[Collected data entries]
----------------------------------------

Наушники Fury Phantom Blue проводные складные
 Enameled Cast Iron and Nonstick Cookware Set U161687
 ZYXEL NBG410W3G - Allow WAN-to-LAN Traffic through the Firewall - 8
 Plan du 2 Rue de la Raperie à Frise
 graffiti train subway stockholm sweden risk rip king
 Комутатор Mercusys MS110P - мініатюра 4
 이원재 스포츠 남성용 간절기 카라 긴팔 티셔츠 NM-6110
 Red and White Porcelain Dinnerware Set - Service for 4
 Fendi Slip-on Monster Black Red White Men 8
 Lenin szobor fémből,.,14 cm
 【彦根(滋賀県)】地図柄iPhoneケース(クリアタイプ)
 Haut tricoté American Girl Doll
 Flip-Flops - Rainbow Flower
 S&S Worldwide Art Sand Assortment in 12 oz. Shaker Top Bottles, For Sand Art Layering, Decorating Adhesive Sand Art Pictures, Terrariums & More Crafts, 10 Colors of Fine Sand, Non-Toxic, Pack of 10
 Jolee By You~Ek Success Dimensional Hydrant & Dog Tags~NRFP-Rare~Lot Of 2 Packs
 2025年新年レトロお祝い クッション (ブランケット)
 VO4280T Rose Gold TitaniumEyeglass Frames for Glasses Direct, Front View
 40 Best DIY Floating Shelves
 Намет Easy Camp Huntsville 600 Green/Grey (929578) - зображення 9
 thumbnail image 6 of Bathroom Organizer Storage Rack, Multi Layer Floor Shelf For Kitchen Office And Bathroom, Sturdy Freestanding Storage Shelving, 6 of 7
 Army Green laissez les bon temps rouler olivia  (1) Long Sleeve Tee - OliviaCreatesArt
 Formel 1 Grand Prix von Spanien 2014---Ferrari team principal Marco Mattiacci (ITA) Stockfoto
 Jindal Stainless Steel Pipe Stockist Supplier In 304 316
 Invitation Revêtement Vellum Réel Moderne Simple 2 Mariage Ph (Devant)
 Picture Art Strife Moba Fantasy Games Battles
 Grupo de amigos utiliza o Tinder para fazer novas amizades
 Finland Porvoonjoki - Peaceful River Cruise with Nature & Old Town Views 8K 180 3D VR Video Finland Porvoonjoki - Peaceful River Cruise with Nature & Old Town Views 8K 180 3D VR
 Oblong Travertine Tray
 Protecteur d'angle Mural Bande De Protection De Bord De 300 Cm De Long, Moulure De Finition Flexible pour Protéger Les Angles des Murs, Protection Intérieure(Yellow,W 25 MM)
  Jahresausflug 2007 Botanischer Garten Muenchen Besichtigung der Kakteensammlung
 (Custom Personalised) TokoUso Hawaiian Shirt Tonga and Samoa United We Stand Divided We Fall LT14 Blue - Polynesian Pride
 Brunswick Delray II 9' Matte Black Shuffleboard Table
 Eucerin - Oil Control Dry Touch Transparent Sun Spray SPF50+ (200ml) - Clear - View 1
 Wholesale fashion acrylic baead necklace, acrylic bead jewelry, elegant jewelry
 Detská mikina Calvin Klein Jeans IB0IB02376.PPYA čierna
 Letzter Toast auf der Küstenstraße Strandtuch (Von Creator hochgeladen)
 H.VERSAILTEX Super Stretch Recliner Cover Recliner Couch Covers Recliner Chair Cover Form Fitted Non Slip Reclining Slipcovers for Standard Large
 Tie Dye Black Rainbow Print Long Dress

----------------------------------------

PROBLEM DETAILS
Output each record precisely as given.

RESPONSE AREA
Наушники Fury Phantom Blue проводные складные
 Enameled Cast Iron and Nonstick Cookware Set U161687
 ZYXEL NBG410W3G - Allow WAN-to-LAN Traffic through the Firewall - 8
 Plan du 2 Rue de la Raperie à Frise
 graffiti train subway stockholm sweden risk rip king
 Комутатор Mercusys MS110P - мініатюра 4
 이원재 스포츠 남성용 간절기 카라 긴팔 티셔츠 NM-6110
 Red and White Porcelain Dinnerware Set - Service for 4
 Fendi Slip-on Monster Black Red White Men 8
 Lenin szobor fémből,.,14 cm
 【彦根(滋賀県)】地図柄iPhoneケース(クリアタイプ)
 Haut tricoté American Girl Doll
 Flip-Flops - Rainbow Flower
 S&S Worldwide Art Sand Assortment in 12 oz. Shaker Top Bottles, For Sand Art Layering, Decorating Adhesive Sand Art Pictures, Terrariums & More Crafts, 10 Colors of Fine Sand, Non-Toxic, Pack of 10
 Jolee By You~Ek Success Dimensional Hydrant & Dog Tags~NRFP-Rare~Lot Of 2 Packs
 2025年新年レトロお祝い クッション (ブランケット)
 VO4280T Rose Gold TitaniumEyeglass Frames for Glasses Direct, Front View
 40 Best DIY Floating Shelves
 Намет Easy Camp Huntsville 600 Green/Grey (929578) - зображення 9
 thumbnail image 6 of Bathroom Organizer Storage Rack, Multi Layer Floor Shelf For Kitchen Office And Bathroom, Sturdy Freestanding Storage Shelving, 6 of 7
 Army Green laissez les bon temps rouler olivia  (1) Long Sleeve Tee - OliviaCreatesArt
 Formel 1 Grand Prix von Spanien 2014---Ferrari team principal Marco Mattiacci (ITA) Stockfoto
 Jindal Stainless Steel Pipe Stockist Supplier In 304 316
 Invitation Revêtement Vellum Réel Moderne Simple 2 Mariage Ph (Devant)
 Picture Art Strife Moba Fantasy Games Battles
 Grupo de amigos utiliza o Tinder para fazer novas amizades
 Finland Porvoonjoki - Peaceful River Cruise with Nature & Old Town Views 8K 180 3D VR Video Finland Porvoonjoki - Peaceful River Cruise with Nature & Old Town Views 8K 180 3D VR
 Oblong Travertine Tray
 Protecteur d'angle Mural Bande De Protection De Bord De 300 Cm De Long, Moulure De Finition Flexible pour Protéger Les Angles des Murs, Protection Intérieure(Yellow,W 25 MM)
  Jahresausflug 2007 Botanischer Garten Muenchen Besichtigung der Kakteensammlung
 (Custom Personalised) TokoUso Hawaiian Shirt Tonga and Samoa United We Stand Divided We Fall LT14 Blue - Polynesian Pride
 Brunswick Delray II 9' Matte Black Shuffleboard Table
 Eucerin - Oil Control Dry Touch Transparent Sun Spray SPF50+ (200ml) - Clear - View 1
 Wholesale fashion acrylic baead necklace, acrylic bead jewelry, elegant jewelry
 Detská mikina Calvin Klein Jeans IB0IB02376.PPYA čierna
 Letzter Toast auf der Küstenstraße Strandtuch (Von Creator hochgeladen)
 H.VERSAILTEX Super Stretch Recliner Cover Recliner Couch Covers Recliner Chair Cover Form Fitted Non Slip Reclining Slipcovers for Standard Large
 Tie Dye Black Rainbow Print Long Dress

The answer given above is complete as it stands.